First Job: Interview - Communications (2) (工作)
first published on rolia.net, 2010-5-6
Recently, someone here asked how to answer this interview question: how do you explain technical ideas to a non-technical audience? My answer: avoid jargons, avoid abbreviations, emphasize key points, downplay details, sacrifice accuracy, use examples from the domain of your audience.
Last few days, I thought about the case some more, especially about "downplay details and sacrifice accuracy". I asked myself: why is this necessary and is it the right thing to do? The result of my thinking is a principle in communications which is universally applicable, beyond “explaining technical ideas to a non-technical audience”.
The key here is the needs of the audience. Our goal is not to be accurate, or to be truthful, or to be bound by details. Rather, our goal is to satisfy the needs of the audience. Different audience may have different needs. A guy who's only mildly curious would be annoyed if we give him too much details. A guy who only needs enough information to make a decision would not have patience to listen to our lecture. A guy who just needs a simple answer would be frustrated at our explanation and could reach a wrong answer on his own, ignoring our message.
If my neighbor the plumber asks me what a programmer does, I may say that it's just like him programming the VCR. If a banker asks me the same question, I might use the example of a bank machine. I could say that the simple act of withdrawing money from a bank machine requires a lot of work behind the scenes. All these work have to be programmed by a programmer. If someone on Rolia asks me the same question, I'd ask her to describe the steps she has to take in the morning from getting up to going to work.
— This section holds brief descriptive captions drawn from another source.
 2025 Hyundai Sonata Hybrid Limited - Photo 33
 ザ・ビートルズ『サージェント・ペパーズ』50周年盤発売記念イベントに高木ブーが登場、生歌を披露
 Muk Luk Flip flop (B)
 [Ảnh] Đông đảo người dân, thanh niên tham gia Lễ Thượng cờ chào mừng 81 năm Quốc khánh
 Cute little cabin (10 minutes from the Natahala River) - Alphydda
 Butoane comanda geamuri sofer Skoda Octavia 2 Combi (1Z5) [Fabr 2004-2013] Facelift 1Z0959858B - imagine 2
Then I'd tell her that she just did what a programmer would do at work every day.
My neighbor the plumber probably asked me the question out of curiosity, so it's a bad idea to burden him with a complicated answer. The banker may be trying to understand his IT staff, so a detailed somewhat accurate answer makes sense. The Rolian may want to become a programmer, a hands-on session gets the point across.
My first job was working as a programmer for a small company in Toronto. The big boss would often drop in to ask me how it's going. Each time, I would describe in detail what I'd been doing and the problems I had. If I was stuck, I'd explain to him why I was stuck. Sometimes I would talk to him about my ideas in detail: why I don't like some guy's code; how I'd like to redesign the user interface; etc. My boss would often cut me off and ran out. Most of the time, he didn't seem to be listening. And he'd turn cold when I talked about problems.
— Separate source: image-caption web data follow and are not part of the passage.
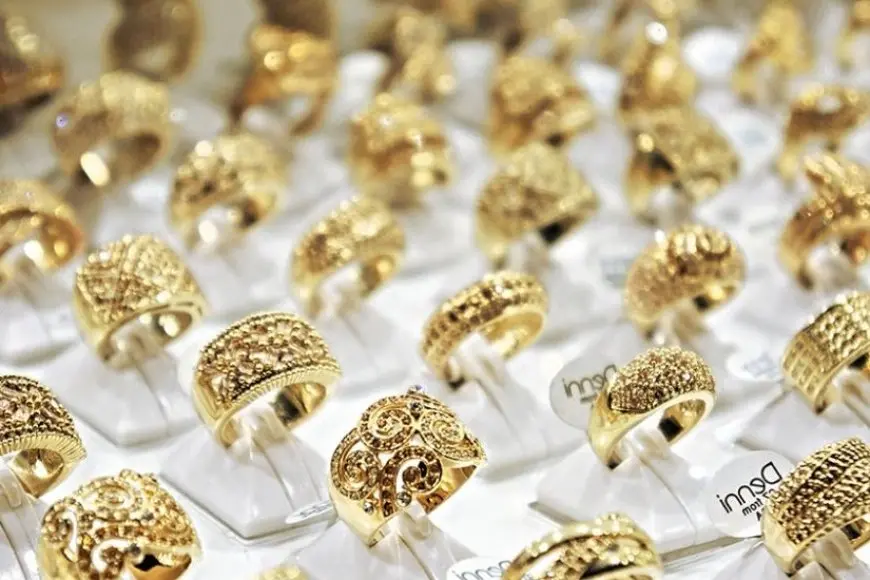 سعر الذهب اليوم الأحد.. عيار 21 يحقق مفاجأة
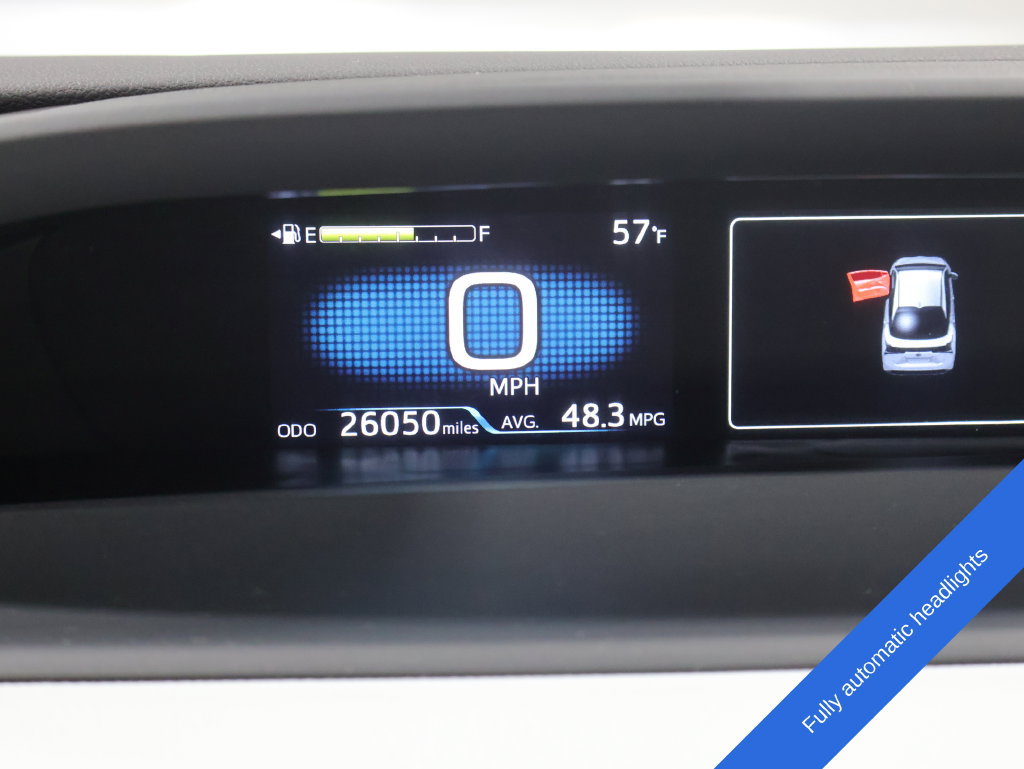 Used 2021 Toyota Prius Limited FWD image 4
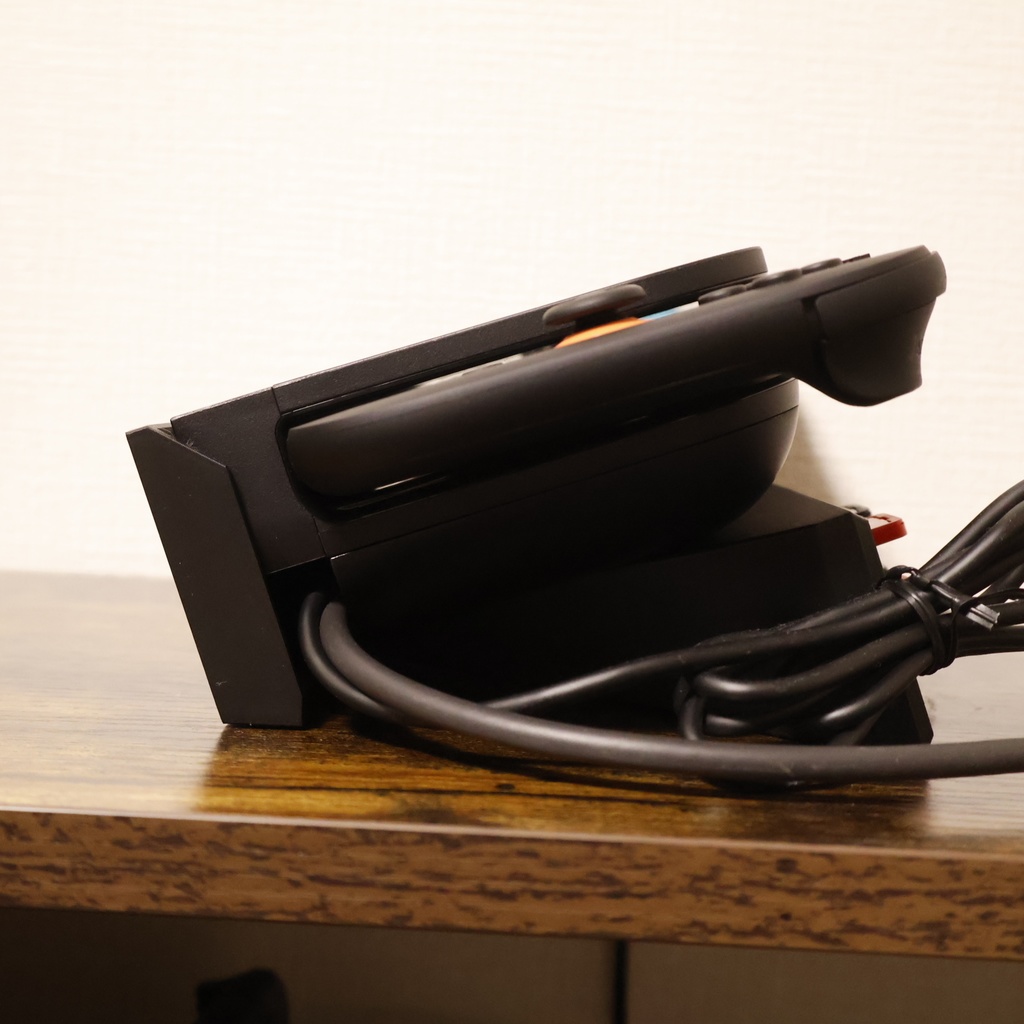 ゲーム機用 斜め横置き ディスプレイスタンド【ソフト15枚収納 / Switch 2互換】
Slowly I realized that he's not interested in what I was doing at all. He just wants to know everything is OK. From then on, every time he dropped in, I'd say everything is great. I'd tell him the good things I've done if he's still listening. No details. No problems unless I solved them already. I stopped talking to him about my ideas - I'd just implement them. Both of us were happier: I was no longer disappointed at his inattention and he was no longer bored at my details or annoyed at my problems.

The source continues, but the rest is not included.